The stock fell 4 percent in intra-day deals on Tuesday to hit its all-time low of ₹331.60. Over the past five trading sessions, the stock has lost 11.5 percent of its value.
Delhivery was listed on the exchanges on May 24, 2022, at ₹495.2, against the issue price of ₹487. Since hitting its record high of ₹708.45 on July 21, the stock has been constantly declining. The scrip has tanked 53 percent from its all-time high, hit in July and 32 percent from its listing price.
Five reasons to BUY Delhivery according to ICICI Securities:
1) Lowest cost structure compared to peers across first-mile, mid-mile and last-mile logistics in express parcel business is a competitive edge in a cost-sensitive market.
2) Technology and trust moat should strengthen its dominant share in niche segments such as secured delivery.

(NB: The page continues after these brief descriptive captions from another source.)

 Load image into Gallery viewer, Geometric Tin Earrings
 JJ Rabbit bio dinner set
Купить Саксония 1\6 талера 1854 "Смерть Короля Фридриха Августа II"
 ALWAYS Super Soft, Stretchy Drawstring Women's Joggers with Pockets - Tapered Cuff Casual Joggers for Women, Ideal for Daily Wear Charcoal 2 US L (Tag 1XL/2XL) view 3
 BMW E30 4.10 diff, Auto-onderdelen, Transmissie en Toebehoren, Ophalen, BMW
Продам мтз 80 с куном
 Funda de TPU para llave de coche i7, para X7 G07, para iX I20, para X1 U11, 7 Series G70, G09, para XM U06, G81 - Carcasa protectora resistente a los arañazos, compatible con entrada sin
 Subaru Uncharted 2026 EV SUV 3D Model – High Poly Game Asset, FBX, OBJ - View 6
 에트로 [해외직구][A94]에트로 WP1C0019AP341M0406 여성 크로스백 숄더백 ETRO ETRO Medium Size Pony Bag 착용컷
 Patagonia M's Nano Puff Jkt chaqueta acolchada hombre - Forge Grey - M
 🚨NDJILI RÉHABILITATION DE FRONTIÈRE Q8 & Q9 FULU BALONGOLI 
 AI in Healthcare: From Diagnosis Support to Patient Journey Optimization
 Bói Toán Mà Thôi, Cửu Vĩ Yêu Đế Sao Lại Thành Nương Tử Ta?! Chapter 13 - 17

3) Hands-on management ensures agile decision-making and timely intervention during exception handling.
4) Strong balance sheet should help sustain investments through periods of tight liquidity.
5) Uncharacteristically high (compared to peers) brand recall among end-users could make it a key beneficiary of open-ended B2B e-commerce marketplaces.
What went wrong?
"Delhivery’s share price has corrected by over 50 percent from peak levels of Jul’22, given the concerns around the sustainability of revenue growth and path to profitability. Revenue growth concerns are centered around slowing of growth in the express parcel segment (e-commerce) and sharp decline in volumes in the partial truckload (PTL) segment post the integration of ‘Spoton’ which was acquired in FY22," said the brokerage.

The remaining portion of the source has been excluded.